困り顔でヴィータが振り向こうとすると、不意にはやてはその頭に、ぽんと手を乗せた。
「……なあ、ヴィータ。……何か、あったん?」
「え――――」
「ちょお、元気ないみたいやったから」
囁かれるのは、どこか心配げな主の声。ヴィータは小さく息を飲んで、またお湯に顔を沈めた。
――主に余計な心配をかけるなんて、全く、騎士にあるまじきことだ。
「なんでもないよ、はやて。あたしはいつも通りじゃんか」
「そか? それなら、ええんやけど」
あの吹雪の世界でのことなんて、誰に話すようなことでもない。つまらない話だから。
「なんや、最近ときどきシグナムたちもピリピリしとるし。……あたし、なんやみんなに心配させてもうてるやろか?」
「そんなことない!」
慌ててあげた声はお風呂場に反響して、はやてもヴィータも思わず目を見開いてしまった。

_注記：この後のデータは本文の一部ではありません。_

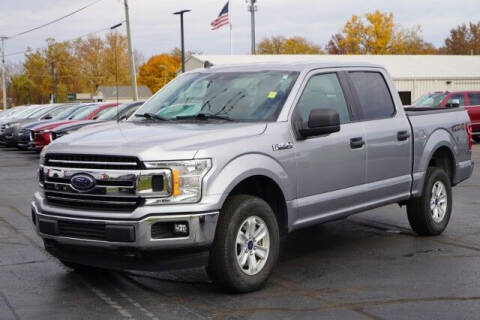 2020 Ford F-150 for sale at Preferred Auto in Fort Wayne IN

「……そんなことない。大丈夫だよ、はやて。はやてが心配することなんて、何も無いから」
――そう、そうだ。はやてに心配をかけることなどないのだ。
徐々に、しかし確実にはやてを蝕んでいる闇の書の枷から、はやてを救うために。
自分たちはそのために、蒐集を続ける。
それをはやてが知ったら悲しむだろうか?
だけど。――だけど、それでも、はやてを失うわけにはいかないのだ。絶対に。
だってはやては――こんな温もりを、自分たちにくれたのだから。
「はやてがあたしらの主である限り、あたしらはずーっと、はやてのそばにいるから。はやてを守るから。――何があったって、絶対にはやてを守るから」
そうだ。あの機械の歌姫のような、悲しい物語は、自分たちには似合わない。
はやてのくれた温もりに似合う結末は、いつまでも続くハッピーエンドなのだから。
「……ん、ありがとな、ヴィータ」
きゅ、とヴィータを抱きしめるはやての腕に、微かな力がこもって。
ヴィータはその手を握りしめて、ただ誓いを胸に小さく呟く。
そうして、シャマルが戻ってくるまで、ヴィータはしばらく、そのままでいた。
はやての腕の中で、はやての温もりを、ひとときだけ、独り占めしていた。
◇
荒野に風が吹く。乾ききった風が、荒れた大地を吹き荒れる。
眼前には、巨大な蛇にも似た生物。巨体をくねらせ、牙を剥くその姿を前に、ヴィータはゆっくりとグラーフアイゼンを構えた。
――久しぶりの大物だ。必ず仕留める。
ふっと息を吐き出し、瞼を開いて、ヴィータは地を蹴った。
鉄槌が唸りを上げて、空気を切り裂き、大蛇へと襲いかかる――。
そしてまた、戦いの日々は続く。
闇の書が完成する六六六ページに至るまで、蒐集は終わらない。
その果てにある、温もりの続く未来のために。
八神はやてという主と暮らす、これから長く長く続いていくはずの、日々のために。
「うおおおおおおおおおおおおおおおおおッ!!」
荒野に響く雄叫びを、他に聞く者は居ない。
――彼女たちの蒐集が導く未来を知る者も、今はまだ、居ない。
闇の書の完成まで、残り、415頁。
"Requiem for the Starry Night" closed.